4.30pm Friday (2 days b.s.), receive phone call saying Defra has forbidden birds to be taken to the show because of bird-flu outbreak in Wales - having been invited to the show specifically to display the rare breed birds we have and also having spent the whole year hatching young birds to take to the show to sell we were a) delighted at the news... b) rather overpopulated with young birds with no homes to go to c) left wondering what on earth to display at such short notice!
Sat (day b.s.) - hastily re think entire stand layout minus main event: birds
6:45am Sunday (show day) - leave home for show with packed trailer and confused bleating lamb; 7am stop for fuel to discover lamb is bleating ever louder out of one of the UPSTAIRS windows of the trailer and apparently ready to make a bid for freedom at high speed out of the rear of the box... not where we had put him - hastily unpack and re-pack trailer in the service station to create Fort Knox to stop lamb jumping out
8:30am arrive flustered and late to have lamb inspected by vet, Trading Standards not even glance at our paperwork (having made a big fuss about it); we speedily set up tent in the rain - next to someone whose tent had blown away during the night...

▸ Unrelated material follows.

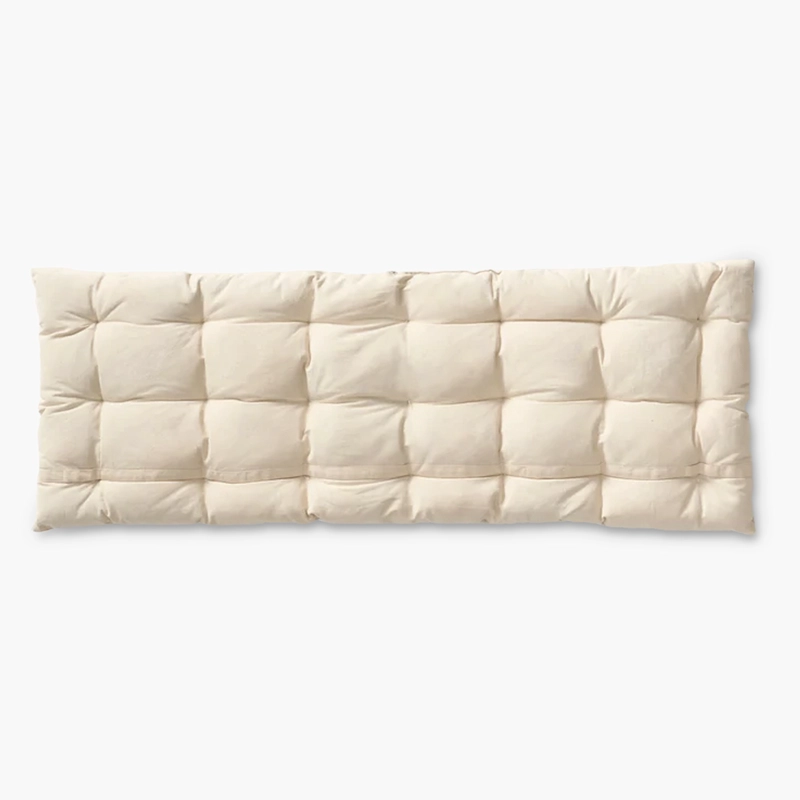 RESPALDO DE CAMA ARGA 60X180 BEIGE CALMA HOUSE - 3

Pigs: We were very excited to meet a chef from one of our favourite restaurants that specialises in cooking locally produced food who is keen to use our pork and lamb on his menu - more than we could ever have hoped for, but just as well as we have had 2 litters of piglets in June and another in July (current pig population: 27). The first two were first-time mums and have done extremely well, getting the hang of things straight away. As I write 3 pigs have just been delivered to customers as ½ pigs and the remaining 2 are going for bacon and sausages hopefully in 2 weeks (F&M movement restrictions permitting) - which leaves us with a bit of a gap until Christmas when the next ones will be ready, so if you do want pork / gammon / bacon for Christmas do let us know in advance so we can keep some back for you as we seem to be in the happy situation of demand exceeding supply at the moment. Several of you have asked exactly what ½ pig looks like - so see the photo (above right). We used a new butcher this time and are delighted with his service (he actually did what was asked...); he can accomodate specific cut requests if you want larger/smaller joints. I am also working on putting together a pork & lamb leaflet which I can email out or which will be downloadable from our website: www.southyeofarm.co.uk
The sheep and lambs are doing very well; the lambs will be weaned soon (well, just as soon as the hay is cleared and the fields become available) and most will be sold on to a couple of customers who have holiday lets and are after attractive sheep to mow the grass for their holiday-makers to look at. We have also bought in an entire other flock of Balwens from someone nearby who has decided to focus on more commercial breeds, so our sheep numbers have rocketed temporarily to 94 and probably represent the largest flock of Balwens in the southwest. I take so much pleasure from watching them and the growing confidence of the lambs as they careen around the fields in the evening - the fact that they taste pretty good too is a bonus… I’m off to a wool event next weekend to see how we can market the wool more beneficially.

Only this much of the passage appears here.